Solana built Sealevel, a hyper parallelized transaction processing engine designed to scale horizontally across GPUs and SSDs. Most of the blockchains are single-threaded computers, while Solana can support parallel transaction execution in a single shard. This solution comes from an operating system driver technique called scatter-gather. Transactions specify upfront what state they would read and write while executing. Sealevel would be able to find all the non-overlapping state functions occurring in a block and execute them in parallel.

Even though Sealevel is a VM that schedules transactions, it does not execute transactions in the VM. Sealevel hands off transactions to be executed on hardware natively using a bytecode called the Berkeley Packet Filter (BPF). Therefore, every time the number of SIMD lines increases, Solana’s network will increase its computational capacity. This makes single-threaded blockchain will never scale this way.

Pipelining: A Transaction Processing Unit for Validation Optimization

The process of transaction validation on the Solana network makes extensive use of an optimization common in CPU design called pipelining. Pipelining happens when a stream of input data is processed by different hardware for each of sequence of steps.

The Process of Pipelining

The process started through data fetching at the kernel level, signature verification at the GPU level, banking at the CPU level, and writing at the kernel space. By the time the TPU starts to send blocks out to the validators, it’s already fetched in the next set of packets, verified their signatures, and begun crediting tokens. The GPU parallelization in this four-stage pipeline allows the Solana TPU to operate at a high performance.

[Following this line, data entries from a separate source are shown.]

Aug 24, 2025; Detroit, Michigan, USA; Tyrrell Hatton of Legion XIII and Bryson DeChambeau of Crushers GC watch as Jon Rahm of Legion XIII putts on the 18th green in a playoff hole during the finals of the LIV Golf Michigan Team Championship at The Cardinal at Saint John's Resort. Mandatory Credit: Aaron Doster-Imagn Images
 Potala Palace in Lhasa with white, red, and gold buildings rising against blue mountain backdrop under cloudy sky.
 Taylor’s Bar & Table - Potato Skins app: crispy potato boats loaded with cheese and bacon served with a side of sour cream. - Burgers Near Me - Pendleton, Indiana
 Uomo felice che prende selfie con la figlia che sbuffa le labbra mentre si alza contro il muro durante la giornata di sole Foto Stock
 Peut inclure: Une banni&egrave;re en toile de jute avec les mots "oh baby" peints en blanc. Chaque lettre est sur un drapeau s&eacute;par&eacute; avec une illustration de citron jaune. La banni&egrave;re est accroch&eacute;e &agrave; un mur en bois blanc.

Cloudbreak: Horizontally-scaled accounts database

Usually, methods to scale computation could result in memory bottlenecks. Memory is used to keep track of accounts and can struggle to maintain performance due to a lack of memory size and limited access speeds. Cloudbreak can be a solution for scale computation bottleneck. Cloudbreak was designed to optimize for concurrent reads and writes spread across a RAID 0 configuration of SSDs. Every additional disk adds storage capacity available to on-chain programs. It would increase the number of concurrent reads and writes programs can perform when executing. This goes hand in hand with Solana’s transaction design, allowing for pre-fetching accounts from disk and preparing the runtime for execution, also enabling nodes on the network to begin executing transactions before they are encoded into a block. All of this aims to help reduce block times and confirmation latency on the network.

Archivers: Distributed ledger storage

Storing and maintaining data is an essential process for every blockchain. If storage costs are very high, only well-funded entities will be able to act as validators and participate in consensus. On Solana, data storage is offloaded from validators to a network of nodes called archivers. Archivers do not participate in consensus. The history of the state is broken into many pieces and erasure coded. Archiver store small parts of the state. Often, the network would inspect archivers to prove they are storing the correct data. This system of Proof of Replication (PoRep) comes from Filecoin.

Ecosystem in Solana

Advanced technology is not enough for the intense competition in blockchain space. The network must have a strong ecosystem and community. Currently, Solana has more than 350 projects from DeFi, infrastructure, governance, to games. According to Santiment, Solana’s developers also showed their commitment consecutively to be an active developer compare to its competitors.

March 2022 Ranking of Active Developer Counts

Solana also has a diverse and strong communication channels from Github, Youtube, Reddit, to Weibo. Its Twitter has more than 1.5m followers, an impressive large follower for a new cryptocurrency’s project. Solana team also engages with the audience and update their progress through announcement and blog post.

Solana Communication Channels

In conclusion, Solana is one of the promising blockchain projects currently. Through its 8 key technology innovations Solana might bring solutions that the blockchain needs for mass adoption. Its advanced technology is also supported by strong VC, solid community, and  growing ecosystem.